## [MATERIALS PROVIDED]

========================================

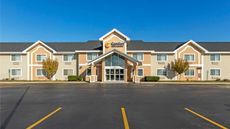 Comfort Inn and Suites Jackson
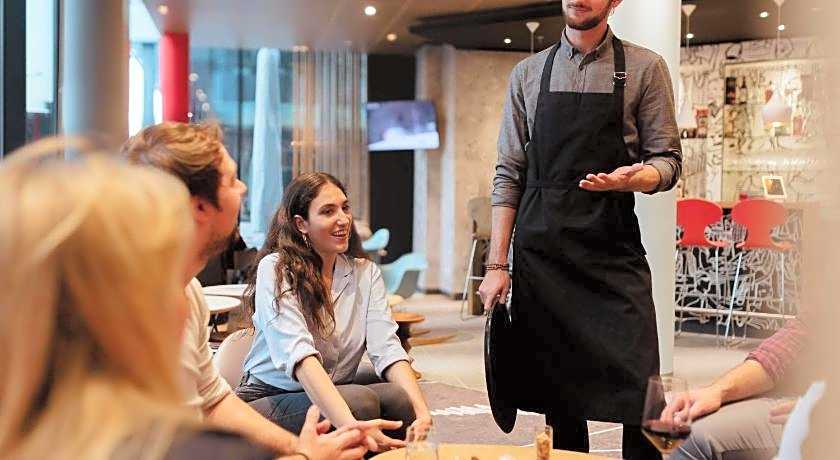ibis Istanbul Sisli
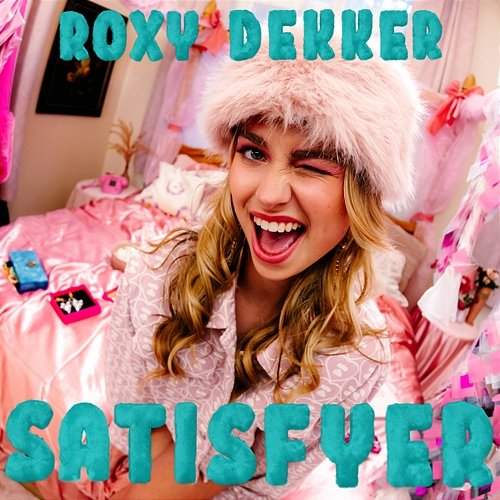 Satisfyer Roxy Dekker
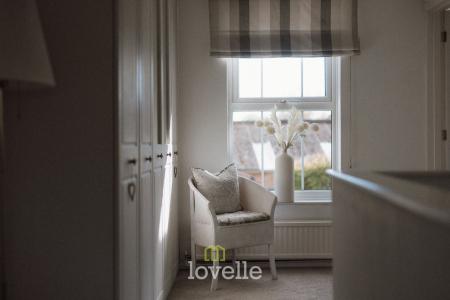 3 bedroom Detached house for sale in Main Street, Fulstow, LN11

========================================

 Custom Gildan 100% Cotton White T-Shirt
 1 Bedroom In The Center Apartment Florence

========================================

## [EXERCISE GOAL]
Go to the line above that contains "Satisfyer Roxy Dekker" and reproduce everything exactly from there through the line that contains "3 bedroom Detached", leaving out the pictures.

## [WRITTEN ANSWER]
 Satisfyer Roxy Dekker
 3 bedroom Detached house for sale in Main Street, Fulstow, LN11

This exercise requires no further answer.